-- TASK DETAILS --
Starting at the line that has "Modern long sleeve Oxford shirt Thumbnail" and stopping after the line that has "Italy By Parfums", reproduce the listing below exactly; omit everything else.

-- WORKING DATA --
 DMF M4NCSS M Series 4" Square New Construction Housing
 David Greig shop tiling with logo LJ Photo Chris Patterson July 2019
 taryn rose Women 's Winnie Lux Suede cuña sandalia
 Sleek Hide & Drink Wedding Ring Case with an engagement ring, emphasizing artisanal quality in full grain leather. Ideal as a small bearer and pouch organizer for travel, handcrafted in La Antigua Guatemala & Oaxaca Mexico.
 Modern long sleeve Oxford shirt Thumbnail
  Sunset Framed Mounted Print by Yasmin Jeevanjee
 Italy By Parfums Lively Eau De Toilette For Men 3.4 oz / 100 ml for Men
--
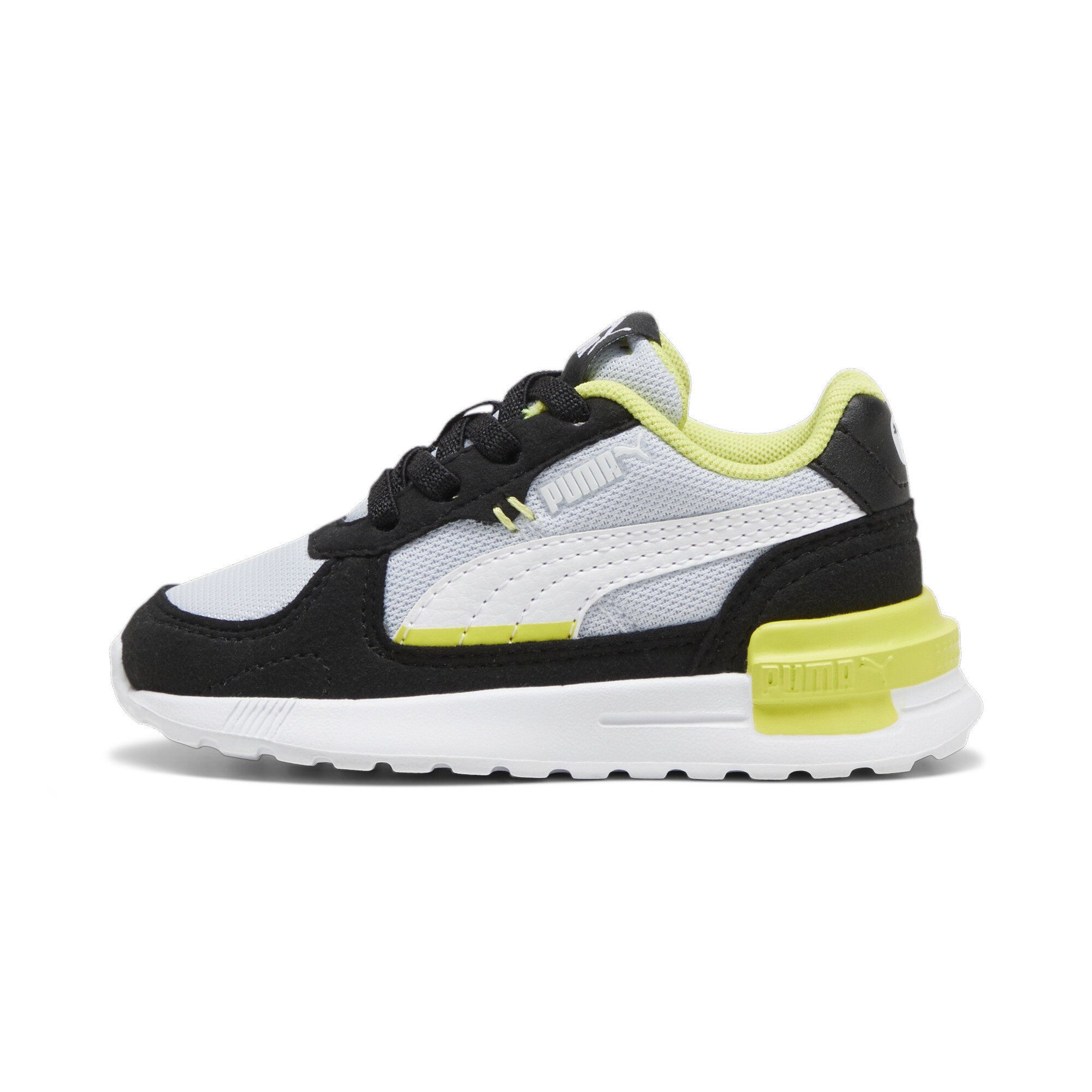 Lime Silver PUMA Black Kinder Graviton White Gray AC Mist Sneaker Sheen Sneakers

-- REPLY TO THE EXERCISE --
 Modern long sleeve Oxford shirt Thumbnail
  Sunset Framed Mounted Print by Yasmin Jeevanjee
 Italy By Parfums Lively Eau De Toilette For Men 3.4 oz / 100 ml for Men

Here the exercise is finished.